In 1712 her husband Ienobu died of desease and Hiroko became a prietess and used the Ingo(a title given to a Buddhist) of Teneiin. When Ietsugu TOKUGAWA, who was a natural son of Okiyo no Kata, was appointed as Shogun, she was given Junior First Rank and came to be called Ichii-sama.

It is said that she was on the outs with Gekkoin (Okiyo no Kata) who was a real mother of Shogun Ietsugu. At the Incident of Ejima Ikushima when Ejima, who was Otoshiyori (a lady who controled the servants in O-oku) and a trusted retainer of Gekkoin, delayed the curfew of O-oku, she is considered to have ploted the derogation of Gekkoin, sobayonin (lord chamberlain) Akifusa MANABE and Hakuseki ARAI together with roju (member of shogun's council of elders) and fudai (a daimyo in hereditary vassal to the Tokugawa family) class. However, it seems that their relationdship became better after that. It is said that when Ietsugu became critically ill, she cheered up Gekkoin who mourned.

It is said that she made efforts to make Yoshimune TOKUGAWA: the lord of the Kii domain, the eighth Shogun after the early death of Ietsugu. In addition, partly because Yoshimune did not have a lawful wife, it is said that she countinued to have power in O-oku and also great influence on bakufu.

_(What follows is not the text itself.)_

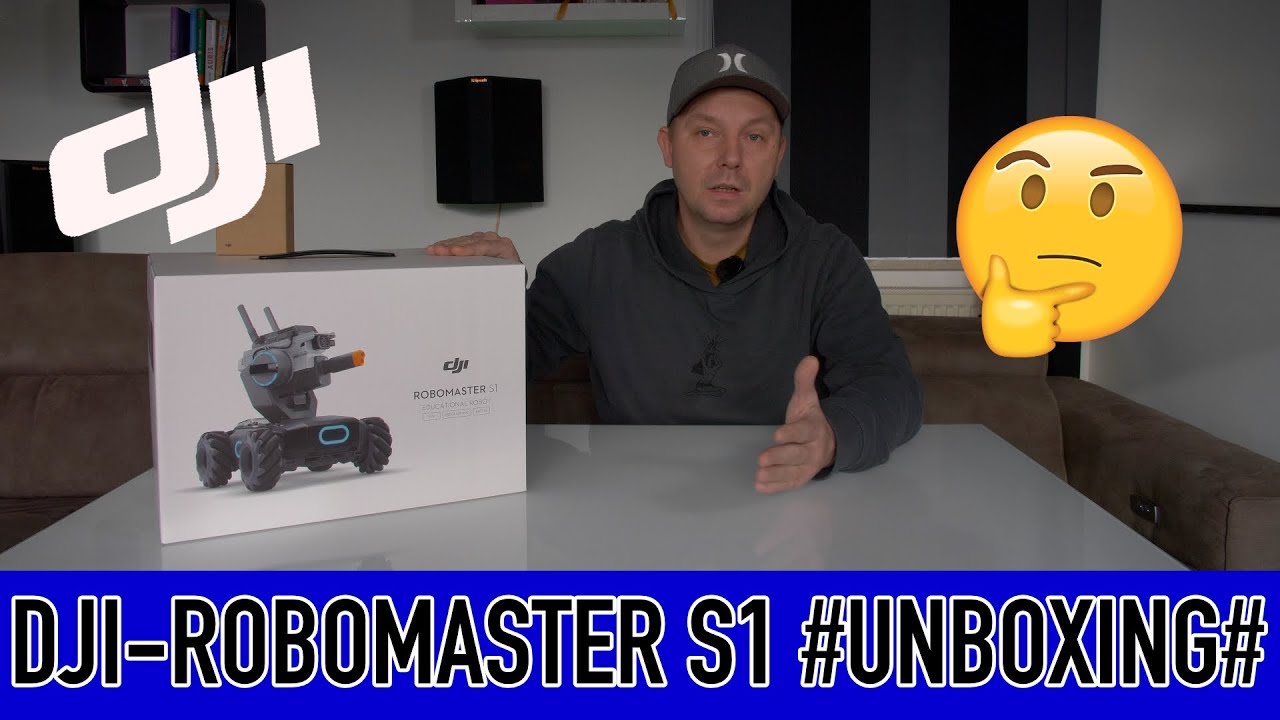 DJI RoboMaster S1 Unboxing So viiiiiiiiieeel Zeug?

In 1741 she died at the age of 76.
Her Kaimyo was '天英院殿従一位光誉和貞崇仁尊儀.'

She donated Sanmon gate of the the Head Temple of Nichirensho sect, Taiseki-ji Temple. Moreover, she donated Shoro (a bell tower) to Myokenzan Yuten-ji Temple of Jodo sect.

Her appearance and keepsakes
Hiroko was buried at Zojo-ji Temple like her husband. In accordance with the sellout of the cemetary after the war, her glave was excavated to research in 1959. A stone octagonal tower was built on her glave. In fact, the style of the glaves of Shogun's lawful wives had been various before and it is thought that it was defined after the funeral of Teneiin.

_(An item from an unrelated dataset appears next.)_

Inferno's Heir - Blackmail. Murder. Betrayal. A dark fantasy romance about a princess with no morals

Judging from the fact that no tooth was discovered and the form of her jaw, it is guessed that she lost all her teeth in her later years and had white hair. The conditions of keepsakes other than her body were not good, but a small Juichimen Kannon-zo (the statue of Eleven-faced Kannon) made of Koboku (fragrant wood) attracted attention. On the back of this statue, an insciption '奉刻 辛卯 男子 祈祷 梅窓院住 唯然' was carved.

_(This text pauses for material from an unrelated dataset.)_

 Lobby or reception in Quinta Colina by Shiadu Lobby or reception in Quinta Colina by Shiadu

In addition, Hiroko's gorinto (a gravestone composed of five pieces piled up one upon another) was also built on the side of the five-storied pagoda of Taiseki-ji Temple.

Appintment of the eighth Shogun
Some people say that it was she who appointed Yoshimune as the eighth Shogun. It is because the way of thinking of Yoshimune was the nearest to that of Ienobu. Hiroko was the person in paramount authority in Edo Castle in those days, but the cabinet officials of the Shogunate and fudai were very surprised at her appointment of Yoshimune. It was because there was no woman in O-oku who had appointed Shogun before and it was hard to imagine that a woman could interfere in politics. Therefore, at first, everybody had reservations about it.
However, it is said that Hiroko took full advantage of the position as Midaidokoro and strongly required to assign Yoshimune to the next Shogun by saying, 'This is the real thought of the former Shogun Ienobu.'
It is said that this made it possible for bakufu to avoid unusual danger of the absence of the Shogun.

Against this theory, other people say that it was her rival Gekkoin who recommended Yoshimune and that Hiroko recommended Tsugutomo TOKUGAWA of the Owari Tokugawa family or Kiyotake MATSUDAIRA, a real younger brother of Ienobu, as the next Shogun. Incidentally, it should be paid attention that the Owari family and the Konoe family were relatives in those days.